Crawled caption data
□ □ □ □ □
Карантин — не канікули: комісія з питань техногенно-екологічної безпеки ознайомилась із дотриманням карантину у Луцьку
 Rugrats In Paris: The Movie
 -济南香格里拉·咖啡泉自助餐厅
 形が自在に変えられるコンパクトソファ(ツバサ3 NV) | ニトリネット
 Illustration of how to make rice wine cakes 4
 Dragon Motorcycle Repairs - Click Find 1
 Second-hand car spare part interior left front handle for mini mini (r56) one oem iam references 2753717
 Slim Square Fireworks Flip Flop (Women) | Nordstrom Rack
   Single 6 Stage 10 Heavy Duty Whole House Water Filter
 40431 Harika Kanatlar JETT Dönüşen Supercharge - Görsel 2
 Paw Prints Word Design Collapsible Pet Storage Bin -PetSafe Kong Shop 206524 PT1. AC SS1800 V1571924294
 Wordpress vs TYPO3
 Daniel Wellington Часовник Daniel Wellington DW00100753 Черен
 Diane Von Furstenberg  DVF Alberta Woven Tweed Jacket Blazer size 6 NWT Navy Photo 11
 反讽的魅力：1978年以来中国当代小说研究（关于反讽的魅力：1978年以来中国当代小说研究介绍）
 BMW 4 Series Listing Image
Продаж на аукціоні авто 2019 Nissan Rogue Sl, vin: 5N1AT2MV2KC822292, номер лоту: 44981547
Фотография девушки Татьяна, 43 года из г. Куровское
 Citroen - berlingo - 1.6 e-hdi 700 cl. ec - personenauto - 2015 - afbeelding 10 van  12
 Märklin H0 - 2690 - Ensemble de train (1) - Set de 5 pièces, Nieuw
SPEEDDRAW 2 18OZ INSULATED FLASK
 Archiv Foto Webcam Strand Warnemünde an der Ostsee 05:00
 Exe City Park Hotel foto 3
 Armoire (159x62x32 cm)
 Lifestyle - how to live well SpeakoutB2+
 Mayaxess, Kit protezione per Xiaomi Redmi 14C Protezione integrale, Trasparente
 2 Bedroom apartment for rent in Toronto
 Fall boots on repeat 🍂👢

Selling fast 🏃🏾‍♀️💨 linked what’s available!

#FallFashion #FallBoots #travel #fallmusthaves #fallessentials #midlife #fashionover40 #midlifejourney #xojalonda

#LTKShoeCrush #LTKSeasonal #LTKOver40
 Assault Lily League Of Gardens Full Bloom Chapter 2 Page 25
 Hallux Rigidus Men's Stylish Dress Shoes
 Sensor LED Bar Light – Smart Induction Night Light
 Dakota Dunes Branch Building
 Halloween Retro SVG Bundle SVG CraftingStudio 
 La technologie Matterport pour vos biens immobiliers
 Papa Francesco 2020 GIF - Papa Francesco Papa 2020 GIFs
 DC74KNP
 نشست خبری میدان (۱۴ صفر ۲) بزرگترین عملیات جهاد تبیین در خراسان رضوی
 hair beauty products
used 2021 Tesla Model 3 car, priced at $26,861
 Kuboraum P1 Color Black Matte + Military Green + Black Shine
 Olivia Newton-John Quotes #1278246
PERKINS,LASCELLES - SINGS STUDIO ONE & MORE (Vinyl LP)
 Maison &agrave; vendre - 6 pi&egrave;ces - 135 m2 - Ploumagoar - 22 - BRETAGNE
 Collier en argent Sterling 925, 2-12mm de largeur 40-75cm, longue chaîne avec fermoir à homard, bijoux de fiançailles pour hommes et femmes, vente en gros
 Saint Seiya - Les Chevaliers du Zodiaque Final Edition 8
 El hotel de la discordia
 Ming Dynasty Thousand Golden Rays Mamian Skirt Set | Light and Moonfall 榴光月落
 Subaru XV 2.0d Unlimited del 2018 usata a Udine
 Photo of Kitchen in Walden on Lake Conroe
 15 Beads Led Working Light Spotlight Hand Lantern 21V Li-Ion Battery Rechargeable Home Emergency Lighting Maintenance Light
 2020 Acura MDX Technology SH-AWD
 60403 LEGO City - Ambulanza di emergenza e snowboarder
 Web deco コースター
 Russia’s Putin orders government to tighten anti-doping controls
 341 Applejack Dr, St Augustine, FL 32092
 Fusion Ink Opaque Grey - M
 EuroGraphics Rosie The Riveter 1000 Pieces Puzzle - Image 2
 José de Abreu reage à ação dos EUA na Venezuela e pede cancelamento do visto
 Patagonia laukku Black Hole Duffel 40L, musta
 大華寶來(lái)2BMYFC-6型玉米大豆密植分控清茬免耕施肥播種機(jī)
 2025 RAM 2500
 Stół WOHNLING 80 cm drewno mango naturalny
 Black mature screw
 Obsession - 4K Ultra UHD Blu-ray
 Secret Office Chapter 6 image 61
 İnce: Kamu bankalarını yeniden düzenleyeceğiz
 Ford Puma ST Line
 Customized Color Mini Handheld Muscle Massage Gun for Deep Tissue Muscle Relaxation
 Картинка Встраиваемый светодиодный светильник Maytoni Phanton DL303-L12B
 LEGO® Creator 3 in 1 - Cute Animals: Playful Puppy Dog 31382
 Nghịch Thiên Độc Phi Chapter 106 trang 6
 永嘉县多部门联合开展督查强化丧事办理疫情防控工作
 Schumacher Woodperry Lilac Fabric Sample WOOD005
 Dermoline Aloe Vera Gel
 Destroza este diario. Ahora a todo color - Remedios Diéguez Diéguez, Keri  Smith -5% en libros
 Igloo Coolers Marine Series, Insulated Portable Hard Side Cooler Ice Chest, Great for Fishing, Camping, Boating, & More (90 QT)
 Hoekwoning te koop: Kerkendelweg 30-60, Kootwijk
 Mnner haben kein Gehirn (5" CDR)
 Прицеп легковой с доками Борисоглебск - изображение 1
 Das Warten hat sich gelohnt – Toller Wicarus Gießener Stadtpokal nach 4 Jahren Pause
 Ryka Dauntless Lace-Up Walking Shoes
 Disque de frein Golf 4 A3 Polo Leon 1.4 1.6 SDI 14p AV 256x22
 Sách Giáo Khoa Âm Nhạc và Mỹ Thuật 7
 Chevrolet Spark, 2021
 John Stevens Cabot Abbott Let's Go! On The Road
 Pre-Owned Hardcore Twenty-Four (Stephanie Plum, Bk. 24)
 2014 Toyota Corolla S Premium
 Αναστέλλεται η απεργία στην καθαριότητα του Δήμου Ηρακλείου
□ □ □ □ □
*Work request*. Send back the lines of the records word for word, from the very first through the line containing "Olivia Newton-John Quotes #1278246".

*Your solution*.
Карантин — не канікули: комісія з питань техногенно-екологічної безпеки ознайомилась із дотриманням карантину у Луцьку
 Rugrats In Paris: The Movie
 -济南香格里拉·咖啡泉自助餐厅
 形が自在に変えられるコンパクトソファ(ツバサ3 NV) | ニトリネット
 Illustration of how to make rice wine cakes 4
 Dragon Motorcycle Repairs - Click Find 1
 Second-hand car spare part interior left front handle for mini mini (r56) one oem iam references 2753717
 Slim Square Fireworks Flip Flop (Women) | Nordstrom Rack
   Single 6 Stage 10 Heavy Duty Whole House Water Filter
 40431 Harika Kanatlar JETT Dönüşen Supercharge - Görsel 2
 Paw Prints Word Design Collapsible Pet Storage Bin -PetSafe Kong Shop 206524 PT1. AC SS1800 V1571924294
 Wordpress vs TYPO3
 Daniel Wellington Часовник Daniel Wellington DW00100753 Черен
 Diane Von Furstenberg  DVF Alberta Woven Tweed Jacket Blazer size 6 NWT Navy Photo 11
 反讽的魅力：1978年以来中国当代小说研究（关于反讽的魅力：1978年以来中国当代小说研究介绍）
 BMW 4 Series Listing Image
Продаж на аукціоні авто 2019 Nissan Rogue Sl, vin: 5N1AT2MV2KC822292, номер лоту: 44981547
Фотография девушки Татьяна, 43 года из г. Куровское
 Citroen - berlingo - 1.6 e-hdi 700 cl. ec - personenauto - 2015 - afbeelding 10 van  12
 Märklin H0 - 2690 - Ensemble de train (1) - Set de 5 pièces, Nieuw
SPEEDDRAW 2 18OZ INSULATED FLASK
 Archiv Foto Webcam Strand Warnemünde an der Ostsee 05:00
 Exe City Park Hotel foto 3
 Armoire (159x62x32 cm)
 Lifestyle - how to live well SpeakoutB2+
 Mayaxess, Kit protezione per Xiaomi Redmi 14C Protezione integrale, Trasparente
 2 Bedroom apartment for rent in Toronto
 Fall boots on repeat 🍂👢

Selling fast 🏃🏾‍♀️💨 linked what’s available!

#FallFashion #FallBoots #travel #fallmusthaves #fallessentials #midlife #fashionover40 #midlifejourney #xojalonda

#LTKShoeCrush #LTKSeasonal #LTKOver40
 Assault Lily League Of Gardens Full Bloom Chapter 2 Page 25
 Hallux Rigidus Men's Stylish Dress Shoes
 Sensor LED Bar Light – Smart Induction Night Light
 Dakota Dunes Branch Building
 Halloween Retro SVG Bundle SVG CraftingStudio 
 La technologie Matterport pour vos biens immobiliers
 Papa Francesco 2020 GIF - Papa Francesco Papa 2020 GIFs
 DC74KNP
 نشست خبری میدان (۱۴ صفر ۲) بزرگترین عملیات جهاد تبیین در خراسان رضوی
 hair beauty products
used 2021 Tesla Model 3 car, priced at $26,861
 Kuboraum P1 Color Black Matte + Military Green + Black Shine
 Olivia Newton-John Quotes #1278246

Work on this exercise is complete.